MLOps Evaluation: Platforms

MLOps uses three main artifact types: data, model, and code. Each has different development cycles and challenges; for example, the data cycle is typically faster than the code cycle. These differences and combinations explain the complexity of MLOps and the size of the ecosystem of tools to work with it.

In this sense, an MLOps platform abstracts the infrastructure layer running underneath that has been created to reduce operational times in building and deploying models, as well as to maintain stability and reproducibility of predictions.

So far, we can consider that there is no MLOps platform that supports end-to-end product development and has been widely accepted by the community. This leaves us with the option of using components of a platform that are useful (vendor lock-in) and/or integrating an ML workflow using different independent and more specialized frameworks (increased cost and delivery time).

Features of an MLOps platform

  • Automated, easier, and faster deployments.
  • It keeps a record of the experiments. It is possible to compare the successive results of the model development on its interface.
  • Ability to reproduce what other team members have done. This is incredibly challenging if you want another data scientist to use your code or if you want to run the same code at scale on another platform (e.g., in the cloud). Thus, there are different tools to cover this point.
  • A standard way of packaging and implementing models. Each data science team agrees on its own approach for each machine learning library it uses, and often the link between a model and the code and parameters produced is lost. This is why a standard is required, and all team members must follow the same practices.
  • Central repository for managing models, their versions, and scenario transitions. A data science team creates many models. In the absence of a common place to collaborate and manage the model lifecycle, data science teams face challenges in managing the stages of models – from development to production with their respective versions, annotations, and history. This entire process is automated to make it easier for teams and isolate errors.
  • Monitoring. After implementing models in production, evaluating their status and how they evolve in the future is necessary. That is the main reason why we need something to monitor these behaviors.
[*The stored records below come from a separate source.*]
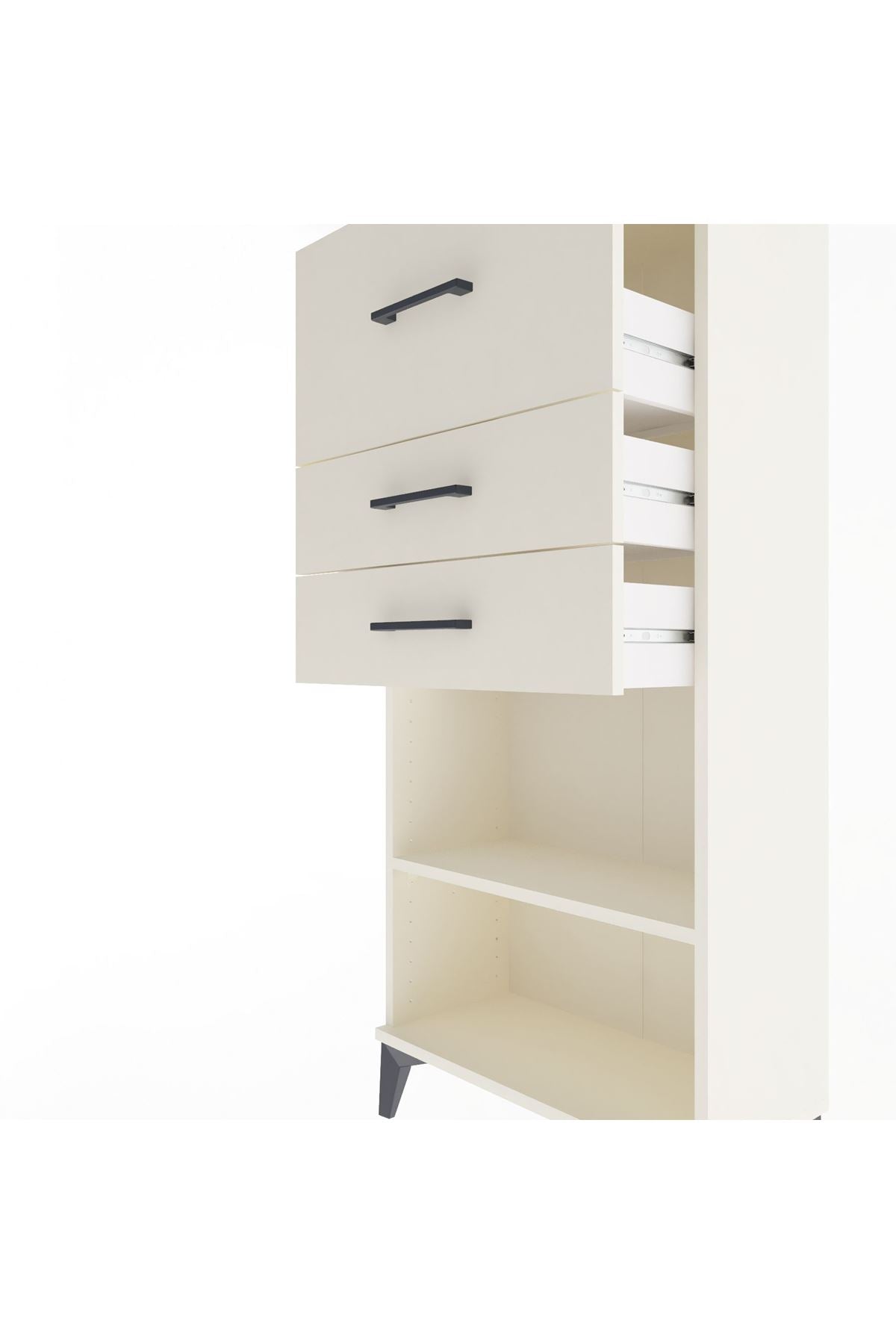 Arges Dolap Tek Raflı 3 Çekmeceli 60x30x134 - S17M024V1A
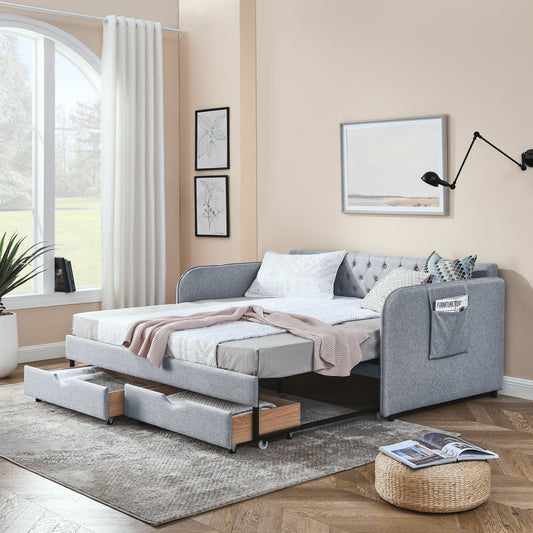 Twin Size Upholstery Daybed with Trundle Bed and Two Storage Drawers , Flat Arms with Pocket, Extendable Daybed for Bedroom Living Room,Linen Grey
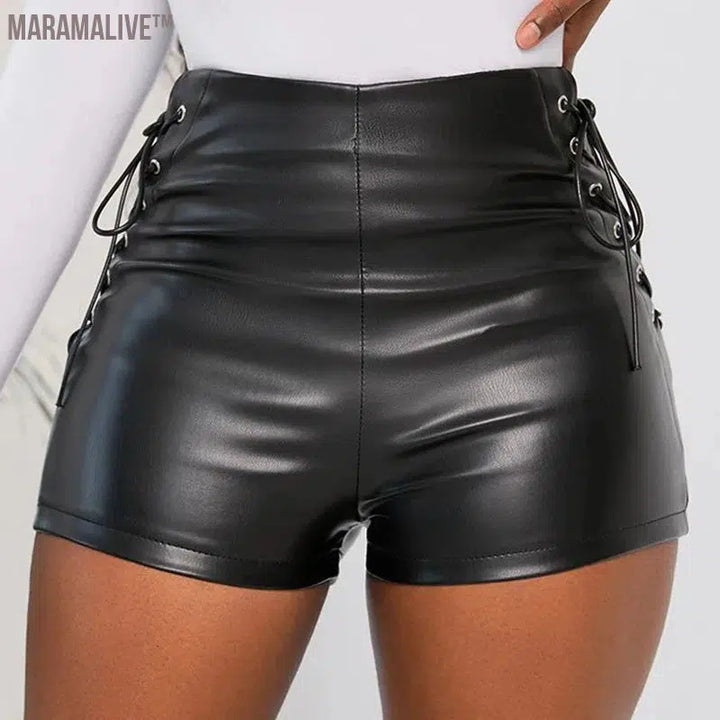 Summer Sexy PU Shorts Women Clothing Faux Leather Goth High Waisted Womens Casual Shorts Y2k Hot Woman Black Short Pants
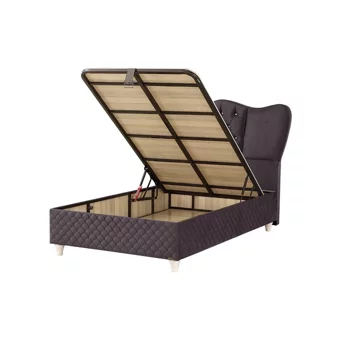 Mobilya Dükkanım Lara 140 x 190 cm Başlıklı Çift Kişilik Sandıklı Baza Seti Antrasit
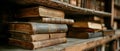 A closeup of a rustic wooden bookshelf filled with old books in a cozy library setting. Concept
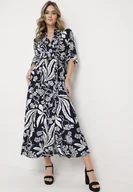 Sukienki - Granatowo-Biała Koszulowa Sukienka z Roślinnym Wzorem z Wiązanym Paskiem Rosallen - miniaturka - grafika 1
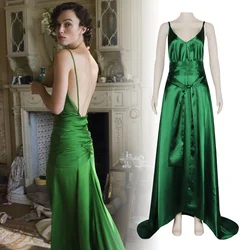 Movie Atonement Cecilia Thales Cosplay Green Skirt V-Neck Retro Thin Suspender Dress Vacation Sexy Satin Backless Long Dovetail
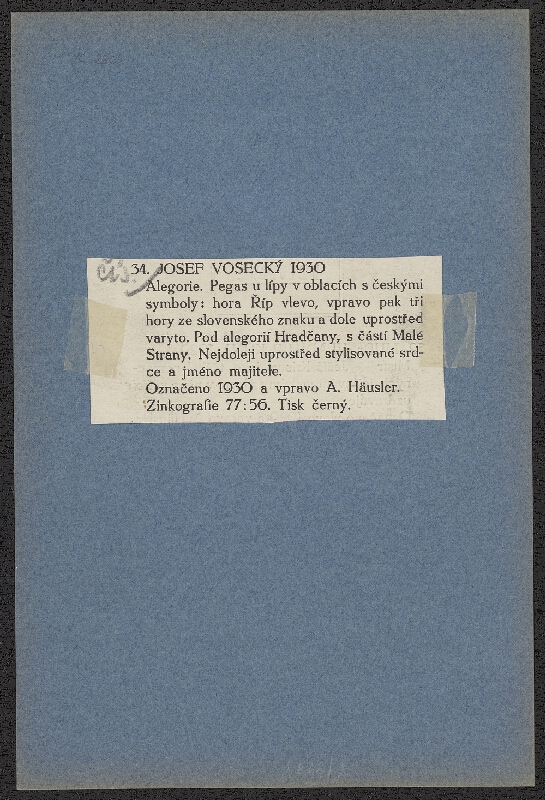 Antonín Häusler – Ex libris Josef Vosecký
In the following sections, we will review all the parts involved in using an MLOps platform to properly track, evaluate, implement, and monitor the models.

Tracking Server

The training tracking servers allow recording any parameter associated with the modeling. For example, when we want to store any type of hyperparameter used in training the model.

At other times, we can store the current metric of the model. For example, in the case of a regression model, we can calculate the RMSE (Root Mean Square), or, in the case of a classification model, we can calculate the F1-score and store it together with the model. In this way, we can retrieve this information as metadata associated with the model.

Azure ML and MLflow

Azure ML allows you to browse artefacts stored in the Model Store through the web application and programmatically with the Python API.
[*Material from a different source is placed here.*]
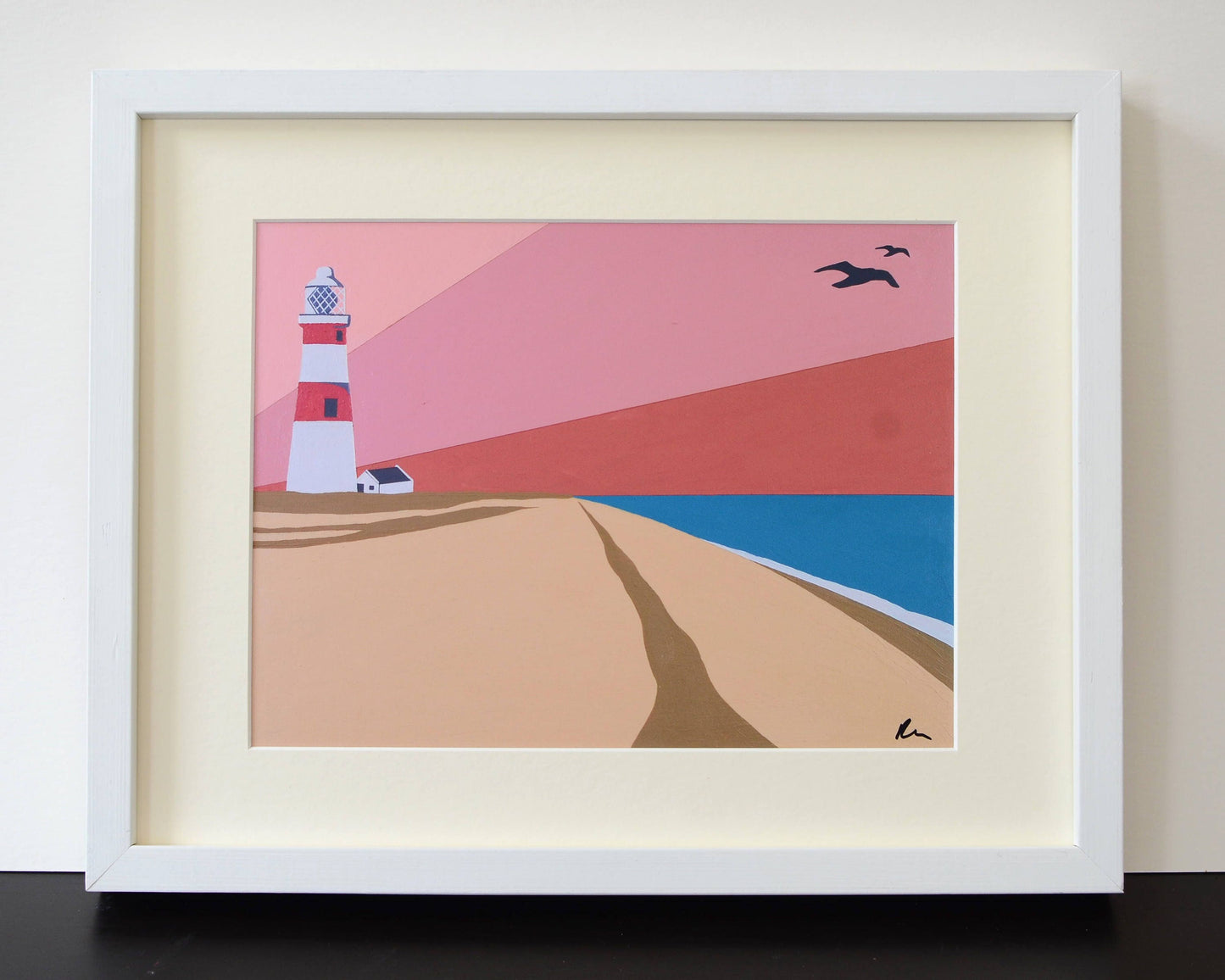 LIGHTHOUSE themed Mounted Fine Art Print - 'Orford Ness Lighthouse' - British Seaside - Travel Poster - Suffolk - by Rebecca Pymar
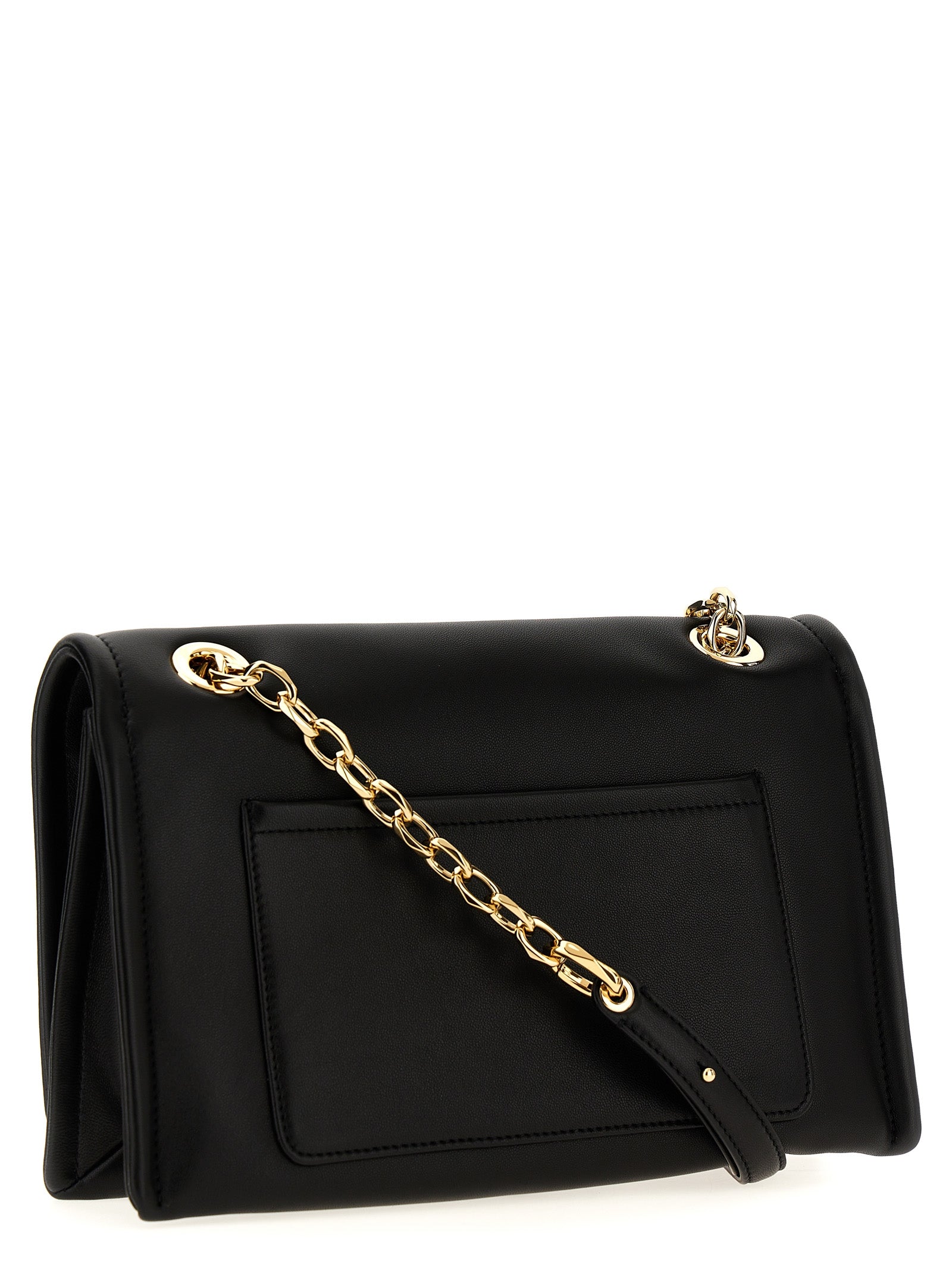 Black Lamb Leather V Logo Chain Shoulder Bag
Tracking experiments with the Azure ML API and UI. (Click to expand the image).

On the other hand, MLflow allows access to stored artefacts, parameters, and metrics using the web portal and the Python API. In both cases, filters can be set for experiments, labels, metrics, and model parameters.

picture about mlops, lifecycle and mlflow

Follow-up of MLflow experiments

Depending on the framework used to track your experiments, there is a simple way to do it: automatic logging (autolog). It consists of automatically logging all the parameters, configuration, environment… of a running experiment. For example, you could use Azure ML and the MLflow tracking API to track model parameters and artefacts when training the model automatically.

import mlflow

Automatic MLflow registration

MLflow defines its own interface called pyfunc for custom models outside common libraries, which establishes a common way to save, restore and interact with a machine learning model (along with the rest of its dependencies: code, context, data).

Finally, MLflow also offers automatic support for the metrics most commonly used by data scientists, although these can be extended to include model-specific metrics. In all cases, these automatic metrics have the same consideration as the rest of the metrics, so it is possible to search and analyze experiments using them.

picture about mlops, lifecycle and metrics

Example of metrics collected

Model registration and reproducibility

The development of machine learning models can be considered an iterative process, where keeping track of the work as development progresses is challenging. Among the possible changes that are introduced, we find:

  • Datasets and their preparation are constantly changing as the model is developed and checked which features are the most important, adding composite features, removing correlations, etc.
  • Models can change. For example, fine-tuning of model parameters can be done using different tools such as Hyperopt.
  • The source code evolves over time due to refactorings, bug fixes, etc.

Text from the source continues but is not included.